**WHAT THE EXERCISE ASKS**
Task for the listing below: copy it out in full, exactly.

**SOURCE DATA**

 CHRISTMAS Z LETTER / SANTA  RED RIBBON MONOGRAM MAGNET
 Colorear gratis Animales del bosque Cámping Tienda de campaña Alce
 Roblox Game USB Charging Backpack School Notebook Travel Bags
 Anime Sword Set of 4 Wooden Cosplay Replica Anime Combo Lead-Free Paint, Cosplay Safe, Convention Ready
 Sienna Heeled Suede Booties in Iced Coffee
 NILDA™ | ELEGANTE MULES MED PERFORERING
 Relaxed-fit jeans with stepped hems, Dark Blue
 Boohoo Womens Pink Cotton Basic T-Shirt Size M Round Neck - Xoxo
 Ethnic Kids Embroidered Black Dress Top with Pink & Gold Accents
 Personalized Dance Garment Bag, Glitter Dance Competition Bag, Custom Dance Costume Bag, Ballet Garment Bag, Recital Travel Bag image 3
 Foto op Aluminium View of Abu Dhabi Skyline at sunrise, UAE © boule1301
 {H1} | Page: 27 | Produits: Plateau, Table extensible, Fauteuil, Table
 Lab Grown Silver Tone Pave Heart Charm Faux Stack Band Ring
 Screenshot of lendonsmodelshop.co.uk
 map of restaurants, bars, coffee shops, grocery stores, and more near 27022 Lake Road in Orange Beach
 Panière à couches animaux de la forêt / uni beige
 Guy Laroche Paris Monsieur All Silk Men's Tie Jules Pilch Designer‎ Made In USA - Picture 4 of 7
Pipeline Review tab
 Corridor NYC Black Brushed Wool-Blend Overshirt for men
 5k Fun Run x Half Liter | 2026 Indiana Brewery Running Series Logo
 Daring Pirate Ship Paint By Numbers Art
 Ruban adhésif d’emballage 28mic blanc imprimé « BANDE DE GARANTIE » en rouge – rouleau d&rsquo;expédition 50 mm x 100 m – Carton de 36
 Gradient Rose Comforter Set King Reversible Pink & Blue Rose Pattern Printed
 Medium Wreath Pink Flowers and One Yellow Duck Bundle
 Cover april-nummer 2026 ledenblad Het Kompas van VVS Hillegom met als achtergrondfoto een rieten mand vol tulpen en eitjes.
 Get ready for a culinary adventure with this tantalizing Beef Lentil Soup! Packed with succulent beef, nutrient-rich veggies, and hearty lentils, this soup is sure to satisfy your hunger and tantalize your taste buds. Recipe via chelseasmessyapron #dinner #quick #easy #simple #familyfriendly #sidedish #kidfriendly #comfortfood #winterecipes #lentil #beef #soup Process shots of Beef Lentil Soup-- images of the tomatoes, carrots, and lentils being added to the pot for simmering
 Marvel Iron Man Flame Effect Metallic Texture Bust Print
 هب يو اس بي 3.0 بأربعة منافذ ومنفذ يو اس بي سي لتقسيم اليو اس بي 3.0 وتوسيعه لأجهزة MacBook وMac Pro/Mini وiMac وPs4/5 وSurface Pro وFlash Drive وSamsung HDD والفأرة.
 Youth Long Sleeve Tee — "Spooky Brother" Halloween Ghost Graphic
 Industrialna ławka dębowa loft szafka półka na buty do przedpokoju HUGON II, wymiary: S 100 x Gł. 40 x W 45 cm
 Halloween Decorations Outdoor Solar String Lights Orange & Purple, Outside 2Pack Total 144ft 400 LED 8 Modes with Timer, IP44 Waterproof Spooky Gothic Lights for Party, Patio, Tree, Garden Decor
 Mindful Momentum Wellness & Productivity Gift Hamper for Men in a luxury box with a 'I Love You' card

**RESULT**
 CHRISTMAS Z LETTER / SANTA  RED RIBBON MONOGRAM MAGNET
 Colorear gratis Animales del bosque Cámping Tienda de campaña Alce
 Roblox Game USB Charging Backpack School Notebook Travel Bags
 Anime Sword Set of 4 Wooden Cosplay Replica Anime Combo Lead-Free Paint, Cosplay Safe, Convention Ready
 Sienna Heeled Suede Booties in Iced Coffee
 NILDA™ | ELEGANTE MULES MED PERFORERING
 Relaxed-fit jeans with stepped hems, Dark Blue
 Boohoo Womens Pink Cotton Basic T-Shirt Size M Round Neck - Xoxo
 Ethnic Kids Embroidered Black Dress Top with Pink & Gold Accents
 Personalized Dance Garment Bag, Glitter Dance Competition Bag, Custom Dance Costume Bag, Ballet Garment Bag, Recital Travel Bag image 3
 Foto op Aluminium View of Abu Dhabi Skyline at sunrise, UAE © boule1301
 {H1} | Page: 27 | Produits: Plateau, Table extensible, Fauteuil, Table
 Lab Grown Silver Tone Pave Heart Charm Faux Stack Band Ring
 Screenshot of lendonsmodelshop.co.uk
 map of restaurants, bars, coffee shops, grocery stores, and more near 27022 Lake Road in Orange Beach
 Panière à couches animaux de la forêt / uni beige
 Guy Laroche Paris Monsieur All Silk Men's Tie Jules Pilch Designer‎ Made In USA - Picture 4 of 7
Pipeline Review tab
 Corridor NYC Black Brushed Wool-Blend Overshirt for men
 5k Fun Run x Half Liter | 2026 Indiana Brewery Running Series Logo
 Daring Pirate Ship Paint By Numbers Art
 Ruban adhésif d’emballage 28mic blanc imprimé « BANDE DE GARANTIE » en rouge – rouleau d&rsquo;expédition 50 mm x 100 m – Carton de 36
 Gradient Rose Comforter Set King Reversible Pink & Blue Rose Pattern Printed
 Medium Wreath Pink Flowers and One Yellow Duck Bundle
 Cover april-nummer 2026 ledenblad Het Kompas van VVS Hillegom met als achtergrondfoto een rieten mand vol tulpen en eitjes.
 Get ready for a culinary adventure with this tantalizing Beef Lentil Soup! Packed with succulent beef, nutrient-rich veggies, and hearty lentils, this soup is sure to satisfy your hunger and tantalize your taste buds. Recipe via chelseasmessyapron #dinner #quick #easy #simple #familyfriendly #sidedish #kidfriendly #comfortfood #winterecipes #lentil #beef #soup Process shots of Beef Lentil Soup-- images of the tomatoes, carrots, and lentils being added to the pot for simmering
 Marvel Iron Man Flame Effect Metallic Texture Bust Print
 هب يو اس بي 3.0 بأربعة منافذ ومنفذ يو اس بي سي لتقسيم اليو اس بي 3.0 وتوسيعه لأجهزة MacBook وMac Pro/Mini وiMac وPs4/5 وSurface Pro وFlash Drive وSamsung HDD والفأرة.
 Youth Long Sleeve Tee — "Spooky Brother" Halloween Ghost Graphic
 Industrialna ławka dębowa loft szafka półka na buty do przedpokoju HUGON II, wymiary: S 100 x Gł. 40 x W 45 cm
 Halloween Decorations Outdoor Solar String Lights Orange & Purple, Outside 2Pack Total 144ft 400 LED 8 Modes with Timer, IP44 Waterproof Spooky Gothic Lights for Party, Patio, Tree, Garden Decor
 Mindful Momentum Wellness & Productivity Gift Hamper for Men in a luxury box with a 'I Love You' card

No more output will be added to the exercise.